Canada, as a nation, was born at the apex of colonial expansion across the globe. Its gestation took place during a period when the “pink bits” covering any map of the globe denoted the breadth of a British Empire upon which, it was boasted, the sun never set. It was a time when most of English Canada staunchly subscribed to the concept of the supremacy of the English model being the very epitome of civilization (the francophone portion of the country would demure, but switch that to “French” or at least European civilization, c’est meme chose, n’est pas?).
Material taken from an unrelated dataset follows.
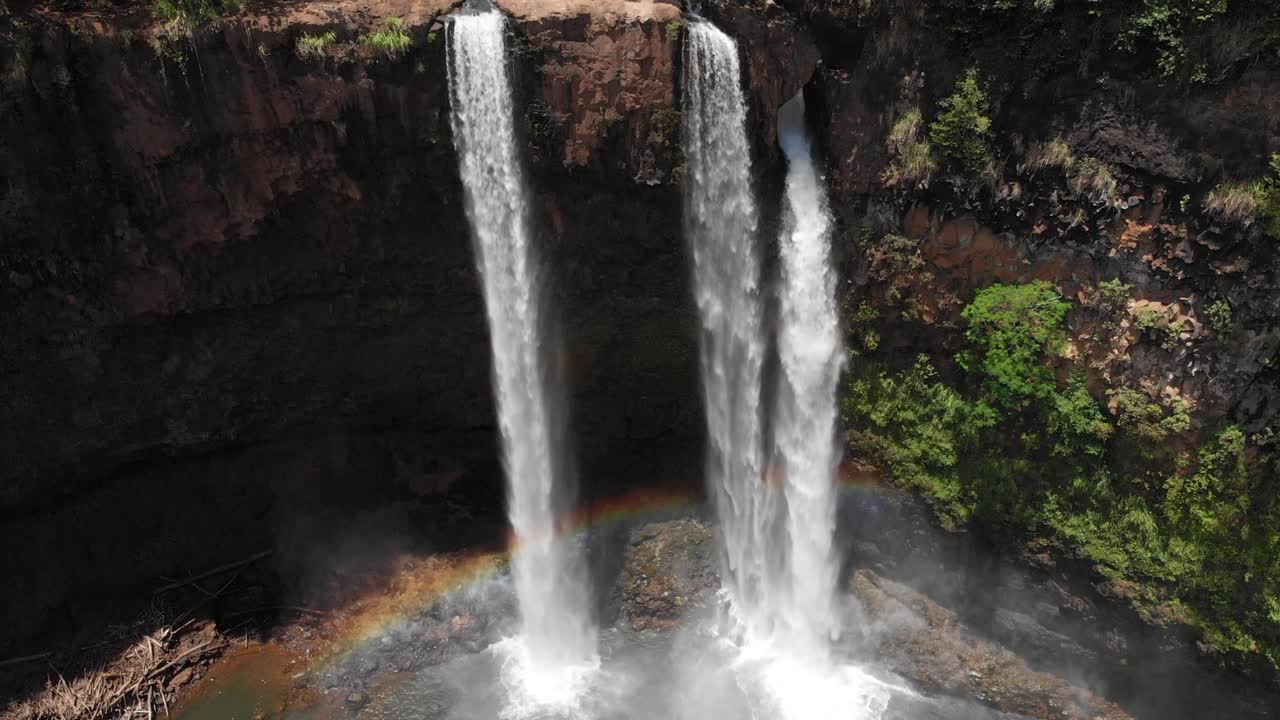 Aerial Crane Shot over Wailua Falls with Beautiful Rainbow Reflection on the Water.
It was inescapable that our national history along with many of those symbols that mark Canada’s legacy would be infused with the ideas and zeitgeist of the times in which our nation was born. It was an environment where racism was all the rage amongst the cool kids; even those who sought to improve the lot of those deemed less fortunate were largely convinced of the “whiteman’s burden,” a responsibility to bring the benefits of a good Christian upbringing to the poor and benighted savages of this “wild and untamed land.”
Today, Canada is a multicultural nation whose disparate and urban concentrated citizenry are more likely to hail from the colonially oppressed portions of the pink bits than from any county in Jolly Olde Blighty, but our nation’s cultural and economic elites, as well as most rural regions, are still largely dominated by those people former prime minister Stephen Harper referred to as “old stock” Canadians. It is the remnants of those founding populations, those whose ancestors’ accomplishments stand most honoured in the bronzed landscape of our cultural identity, who are most likely to express outrage when those historical icons are pulled to the ground by protesting mobs like those of some deposed tin pot dictator.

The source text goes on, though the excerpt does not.